## THE PROBLEM
Search the data for the word "class". Reproduce every line where it is found.

## RECORDS FOR THIS EXERCISE
= = = = = = =
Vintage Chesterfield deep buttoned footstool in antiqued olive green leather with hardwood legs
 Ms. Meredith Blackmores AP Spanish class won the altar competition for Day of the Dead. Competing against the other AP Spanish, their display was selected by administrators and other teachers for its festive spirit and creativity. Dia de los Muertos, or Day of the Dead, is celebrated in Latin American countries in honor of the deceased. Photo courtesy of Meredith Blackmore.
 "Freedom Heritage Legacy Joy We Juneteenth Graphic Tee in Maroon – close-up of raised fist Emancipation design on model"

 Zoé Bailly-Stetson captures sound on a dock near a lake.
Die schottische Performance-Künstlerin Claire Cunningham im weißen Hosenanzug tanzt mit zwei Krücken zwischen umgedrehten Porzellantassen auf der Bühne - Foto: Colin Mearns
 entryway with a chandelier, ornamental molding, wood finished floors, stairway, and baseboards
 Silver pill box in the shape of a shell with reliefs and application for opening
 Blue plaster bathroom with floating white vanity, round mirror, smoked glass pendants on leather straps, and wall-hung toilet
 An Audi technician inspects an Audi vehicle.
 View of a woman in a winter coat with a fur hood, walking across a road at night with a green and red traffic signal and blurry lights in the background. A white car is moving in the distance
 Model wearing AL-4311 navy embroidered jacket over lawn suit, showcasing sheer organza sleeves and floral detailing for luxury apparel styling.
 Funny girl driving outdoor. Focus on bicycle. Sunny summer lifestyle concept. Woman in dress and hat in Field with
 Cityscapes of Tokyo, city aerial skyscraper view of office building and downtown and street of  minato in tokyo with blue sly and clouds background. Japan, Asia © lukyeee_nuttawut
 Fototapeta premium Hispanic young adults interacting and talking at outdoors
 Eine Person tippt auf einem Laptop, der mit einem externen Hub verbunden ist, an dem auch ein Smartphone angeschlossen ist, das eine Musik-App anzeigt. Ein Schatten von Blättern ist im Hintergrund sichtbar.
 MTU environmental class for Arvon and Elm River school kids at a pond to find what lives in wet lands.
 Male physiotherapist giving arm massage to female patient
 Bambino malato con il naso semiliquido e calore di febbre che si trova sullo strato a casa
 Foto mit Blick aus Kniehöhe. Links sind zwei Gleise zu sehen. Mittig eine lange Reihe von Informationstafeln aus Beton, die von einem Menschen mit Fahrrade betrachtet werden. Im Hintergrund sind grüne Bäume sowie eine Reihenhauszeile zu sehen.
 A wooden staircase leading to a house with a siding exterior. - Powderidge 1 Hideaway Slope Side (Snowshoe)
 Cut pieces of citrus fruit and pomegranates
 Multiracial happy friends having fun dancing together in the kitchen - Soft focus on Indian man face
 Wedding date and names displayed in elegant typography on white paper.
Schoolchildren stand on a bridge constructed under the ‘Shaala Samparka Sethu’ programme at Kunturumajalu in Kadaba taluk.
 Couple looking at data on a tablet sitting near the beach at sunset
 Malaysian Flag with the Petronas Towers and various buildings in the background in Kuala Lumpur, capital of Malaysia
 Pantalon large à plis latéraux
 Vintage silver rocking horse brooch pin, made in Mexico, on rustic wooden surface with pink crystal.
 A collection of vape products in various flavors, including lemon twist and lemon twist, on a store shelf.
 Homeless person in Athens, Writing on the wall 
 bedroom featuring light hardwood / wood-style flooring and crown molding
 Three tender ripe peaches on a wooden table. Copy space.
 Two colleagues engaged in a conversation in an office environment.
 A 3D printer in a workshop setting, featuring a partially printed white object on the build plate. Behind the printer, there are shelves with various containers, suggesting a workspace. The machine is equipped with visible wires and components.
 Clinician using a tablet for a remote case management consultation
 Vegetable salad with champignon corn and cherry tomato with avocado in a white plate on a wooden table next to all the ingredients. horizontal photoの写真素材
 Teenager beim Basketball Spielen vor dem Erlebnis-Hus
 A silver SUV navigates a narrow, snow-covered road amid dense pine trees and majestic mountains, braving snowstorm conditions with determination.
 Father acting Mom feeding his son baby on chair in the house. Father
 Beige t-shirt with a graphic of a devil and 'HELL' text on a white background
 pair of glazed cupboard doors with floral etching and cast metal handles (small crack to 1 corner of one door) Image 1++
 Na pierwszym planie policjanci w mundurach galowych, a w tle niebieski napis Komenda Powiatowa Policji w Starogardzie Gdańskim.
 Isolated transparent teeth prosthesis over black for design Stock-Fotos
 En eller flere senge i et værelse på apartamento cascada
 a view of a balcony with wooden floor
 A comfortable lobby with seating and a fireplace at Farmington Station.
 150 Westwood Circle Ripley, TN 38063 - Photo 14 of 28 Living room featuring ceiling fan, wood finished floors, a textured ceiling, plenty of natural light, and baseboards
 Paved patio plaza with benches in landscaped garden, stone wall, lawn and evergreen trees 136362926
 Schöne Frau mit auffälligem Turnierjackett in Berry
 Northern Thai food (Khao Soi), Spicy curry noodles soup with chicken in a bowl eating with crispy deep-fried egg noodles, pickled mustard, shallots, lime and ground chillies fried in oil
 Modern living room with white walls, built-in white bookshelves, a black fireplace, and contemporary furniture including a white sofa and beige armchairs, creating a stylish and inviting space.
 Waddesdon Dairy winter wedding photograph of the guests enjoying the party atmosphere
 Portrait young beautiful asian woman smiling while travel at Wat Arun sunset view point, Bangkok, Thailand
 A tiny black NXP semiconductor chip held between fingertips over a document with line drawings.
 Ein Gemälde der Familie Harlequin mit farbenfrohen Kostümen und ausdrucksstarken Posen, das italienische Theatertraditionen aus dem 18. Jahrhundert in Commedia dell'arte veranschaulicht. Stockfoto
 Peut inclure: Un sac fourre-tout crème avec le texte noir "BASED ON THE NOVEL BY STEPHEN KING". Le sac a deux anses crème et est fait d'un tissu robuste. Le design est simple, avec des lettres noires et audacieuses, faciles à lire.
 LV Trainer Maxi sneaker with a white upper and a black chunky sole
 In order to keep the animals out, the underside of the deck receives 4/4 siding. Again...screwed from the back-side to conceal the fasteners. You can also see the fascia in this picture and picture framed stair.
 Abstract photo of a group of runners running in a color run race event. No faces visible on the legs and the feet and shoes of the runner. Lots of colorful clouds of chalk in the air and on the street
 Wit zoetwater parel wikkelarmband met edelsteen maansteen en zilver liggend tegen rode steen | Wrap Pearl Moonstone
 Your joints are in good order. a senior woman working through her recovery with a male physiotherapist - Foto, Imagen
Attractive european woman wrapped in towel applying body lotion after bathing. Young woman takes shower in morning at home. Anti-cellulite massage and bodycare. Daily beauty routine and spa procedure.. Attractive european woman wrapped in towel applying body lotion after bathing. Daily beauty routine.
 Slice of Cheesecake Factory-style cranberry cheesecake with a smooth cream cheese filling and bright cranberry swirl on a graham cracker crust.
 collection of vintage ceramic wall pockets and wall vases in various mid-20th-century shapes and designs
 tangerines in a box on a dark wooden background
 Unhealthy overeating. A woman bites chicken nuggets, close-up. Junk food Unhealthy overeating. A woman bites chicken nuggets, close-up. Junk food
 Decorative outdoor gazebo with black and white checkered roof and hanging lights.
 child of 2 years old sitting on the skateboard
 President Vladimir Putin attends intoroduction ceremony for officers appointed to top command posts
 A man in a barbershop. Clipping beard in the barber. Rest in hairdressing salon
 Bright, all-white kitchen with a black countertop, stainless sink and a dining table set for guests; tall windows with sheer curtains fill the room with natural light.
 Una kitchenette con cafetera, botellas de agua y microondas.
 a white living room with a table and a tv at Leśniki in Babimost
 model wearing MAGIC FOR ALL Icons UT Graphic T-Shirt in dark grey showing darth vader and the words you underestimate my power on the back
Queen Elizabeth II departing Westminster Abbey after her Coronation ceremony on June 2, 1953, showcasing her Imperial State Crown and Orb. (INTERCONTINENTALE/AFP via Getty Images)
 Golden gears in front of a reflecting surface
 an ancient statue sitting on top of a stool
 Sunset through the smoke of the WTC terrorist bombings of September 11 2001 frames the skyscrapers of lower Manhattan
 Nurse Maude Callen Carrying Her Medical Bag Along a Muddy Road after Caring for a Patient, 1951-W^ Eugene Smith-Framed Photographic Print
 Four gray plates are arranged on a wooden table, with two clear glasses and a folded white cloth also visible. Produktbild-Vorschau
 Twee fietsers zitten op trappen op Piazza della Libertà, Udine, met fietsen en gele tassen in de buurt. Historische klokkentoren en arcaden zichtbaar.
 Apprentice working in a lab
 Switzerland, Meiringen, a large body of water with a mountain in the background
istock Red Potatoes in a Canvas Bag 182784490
= = = = = = =
## COMPLETED TASK
 Ms. Meredith Blackmores AP Spanish class won the altar competition for Day of the Dead. Competing against the other AP Spanish, their display was selected by administrators and other teachers for its festive spirit and creativity. Dia de los Muertos, or Day of the Dead, is celebrated in Latin American countries in honor of the deceased. Photo courtesy of Meredith Blackmore.
 MTU environmental class for Arvon and Elm River school kids at a pond to find what lives in wet lands.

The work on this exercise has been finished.